Why focusing on customer needs is the key to digital transformation success in the modern financial services landscape

Q: What does service design thinking mean to you?

 

A: As an innovation strategist, I am always looking for new ways to serve a user's needs. In highly competitive industries such as financial services, it’s usually quality of service that differentiates you from a competitor. Service design thinking is a way to map, across multiple layers including colleague experience and the supporting technologies, how you plan to serve your customer.

 

Q: Why do you think it's so front-and-center at the moment in relation to financial services? Why does this type of design meet leaders’ current needs?

 

A: Increasingly, customer experience professionals in financial services are realizing that they're competing with a customer's last best experience–and that's not always a financial services competitor. It could be another app that they've used recently, like Spotify, or Uber, or even the native apps that Apple and Google now provide, like Apple Pay and Google Wallet. Those services are so successful because they've been created on the back of philosophies such as service design mapping and jobs-to-be-done.

 

Classically, that's not how a financial services journey would be created. You'd traditionally start by defining the specific financial product, and then thinking about how to deliver it to the customer.
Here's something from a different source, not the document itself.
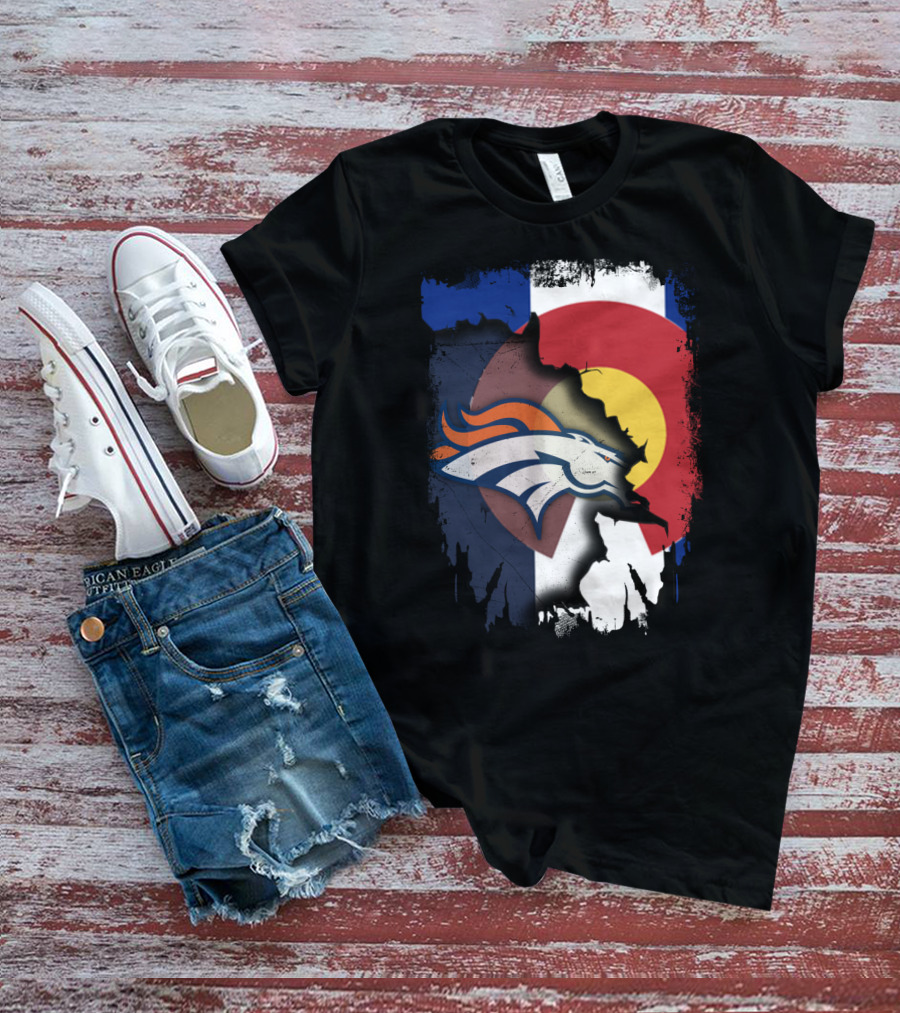 Colorado Flag With Broncos Logo Fusion T-Shirt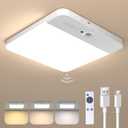 Rechargeable Motion Sensor LED Ceiling Light with Remote, Wireless Battery Operated Closet Light, 400LM Dimmable 3 Color Temperatures, Motion Activated Light for Stair Hallway Garage Pantry (1-pack)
In that scenario, the priority is less about customer service and more about making sure that the service is financially viable and matches the product provided by a competitor. But now, with the rise of fintech challenges and easier ways to open a bank account, leaders are realizing the way to compete with their competitors is in customer experience. Customers are going through financial journeys in more places than ever, and if you want to keep them within your ecosystem, you're going to have to compete with their last best digital experiences.

 

Q: You use the term “jobs-to-be-done” - can you explain how that type of thinking is driving transformation or development?

 

A: Jobs-to-be-done is a way to say, right, when a customer leaves our app, what's the next service that they consume? And how can we provide that within our own ecosystem so that they're not leaving our app? So a really obvious one is adding an insurance product to a financial services product. For example, a bank might have realized, right, a customer has checked their bank balance, and then they're going on holiday. So they might open a dollar account when they're going to the US, and then they leave our app to go and buy insurance. So why don't we provide that insurance product, and then they have less reason to leave the app. And if we use service design, we can make sure the experience is seamless, attractive, and obvious, so that they don't even bother checking the latest price comparison website.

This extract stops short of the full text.